Chronic pain perception has been found to propagate through central brain sensitisation, particularly involving the prefrontal cortex and the thalamus, in comparison to acute pain scenarios primarily recruiting the spinothalamic pathways [37]. This presents an opportunity to identify therapeutic interventions that are able to target this central processing of pain. Magnetic stimulation exerts its effect by the magnetic field generated inducing a subsequent electrical field that is able to depolarise axons and therefore modulate active neural networks within the cortex [38]. This effect may differ depending on factors such as the magnetic pulse waveform, the intensity, frequency and pattern of stimulation [38]. There is consensus in the literature that low frequency stimulation (< 1 Hz) and high frequency stimulation (> 5 Hz) are responsible for suppression and facilitation of corticospinal excitability, respectively [39]. There is some consensus that high frequency rather than low frequency stimulation is able to illicit an analgesic effect in neuropathic pain [38]. Indeed, a similar conclusion may be drawn from the studies that have been included in this review.

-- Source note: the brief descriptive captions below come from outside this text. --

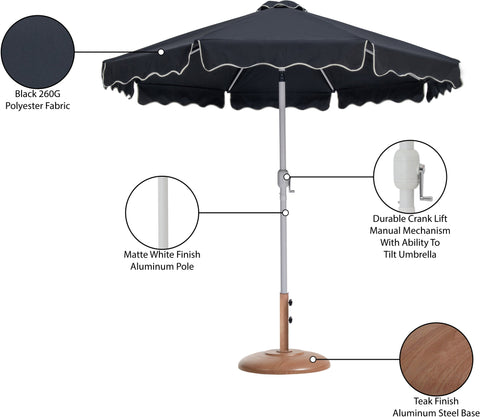 Nova Black Water Resistant Fabric And Aluminum Patio Umbrella with Base Set (Style 11)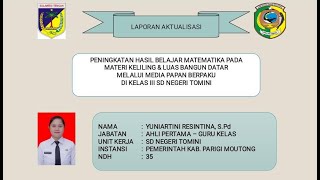 Yuniartini Resintina, S.Pd - Ujian Aktualisasi Latsar CPNS Angkatan XCVIII (98) Kab. Parigi Moutong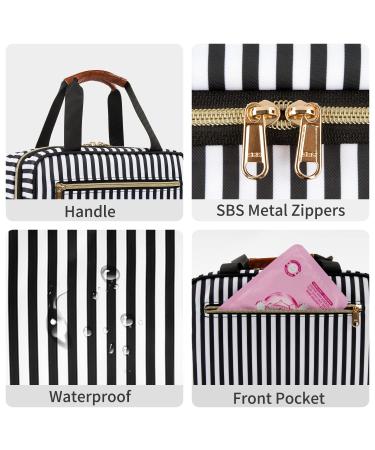 Hanging Travel Toiletry Bag - Waterproof Nylon Cosmetic Organizer Pouch with Handle and 360 Hanging Hook - Black White Stripe - Medium Size - Buy Online on GoSupps.com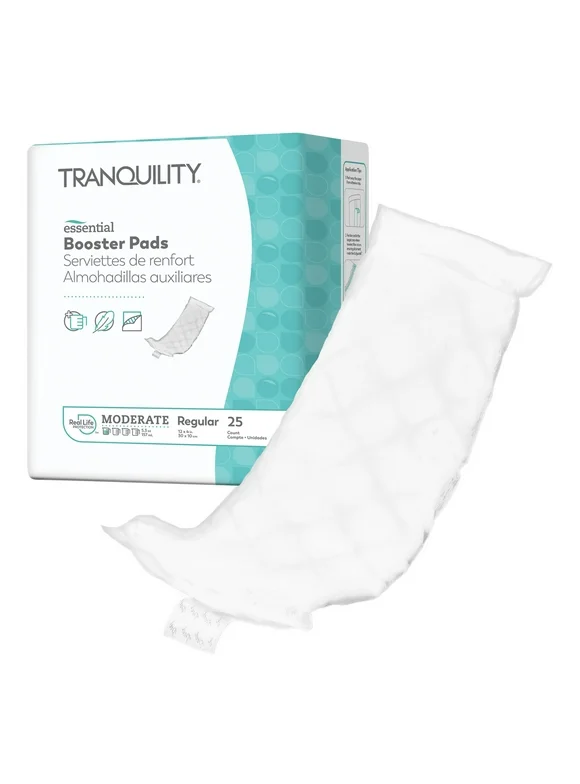 Tranquility Essential Unisex Booster Pad Flow-Through Pad 12 X 14 Inch 19244, 25 Ct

On a molecular level, rTMS has been reported to induce endogenous opioid release, with one study demonstrating a reduction of the analgesic effect when stimulating the primary motor cortex in subjects administered naloxone. The authors did not find this to be the case when rTMS was applied to the dorsolateral prefrontal cortex [40]. It is important to note, however, that naloxone is known to play a role in reducing the perceived analgesic effect derived through placebo [41]. Various other neurochemicals have been reported to be implicated during rTMS therapy, including GABA, glutamate and dopamine. Glutamate N-methyl-d-aspartate (NMDA) receptors are known to be responsible for synaptic plasticity and have been reported to be associated with the long-term analgesic effect of rTMS [42]. In the context of PLP in particular, high frequency rTMS may indirectly activate inhibitory thalamic projections, thereby modulating ascending nociceptive pathways [43]. Neuropathic pain of diverse aetiologies has been shown to be associated with decreased intracortical inhibition (ICI) and interestingly rTMS therapy has been correlated with increased ICI in tandem with pain relief, particularly in patients with drug-resistant neuropathic pain [44]. Functional magnetic resonance imaging has revealed that rTMS of the motor cortex results in subsequent activity within the ipsilateral thalamus and putamen, structures known to be linked to the sensorimotor cortex, implicated in the centralisation of pain [45].

This review identified five RCTs, highlighting a paucity in the literature of well-designed placebo-controlled trials evaluating rMS for relief of peripheral neuropathic pain. Although the majority of the studies included in this review show that rMS has potential for the treatment of peripheral neuropathic pain, there is a need for further studies in the field. Whilst its efficacy is still debated, rMS has been demonstrated to be a safe and tolerated intervention, with no serious adverse effects noted in the studies included in this review. Furthermore, there is a need to create consensus regarding optimum stimulation protocols and procedures [46]. The use of neuronavigation might increase the precision of stimulation and subsequently its effectiveness; however, this requires further robust assessment as current evidence is lacking. Finally, assessment of brain network function, with techniques such as functional magnetic resonance or appropriate TMS-compatible EEG recordings, with various quantitative EEG metrics, might be the way forward to developing an objective means of studying the effect of rMS on widely distributed brain network constituents involved in the generation and persistence of neuropathic pain.

Limitations

  • As in all studies measuring pain with the VAS, a self-reported questionnaire, there is potential for an inherent response bias when reporting the nature and extent of the pain.

  • The variations in treatment protocols between studies and the limited number of studies eligible for inclusion make it impossible to use a meta-analytic approach.

  • A more comprehensive search using databases other than PubMed alone might have identified a greater number of articles suitable for analysis.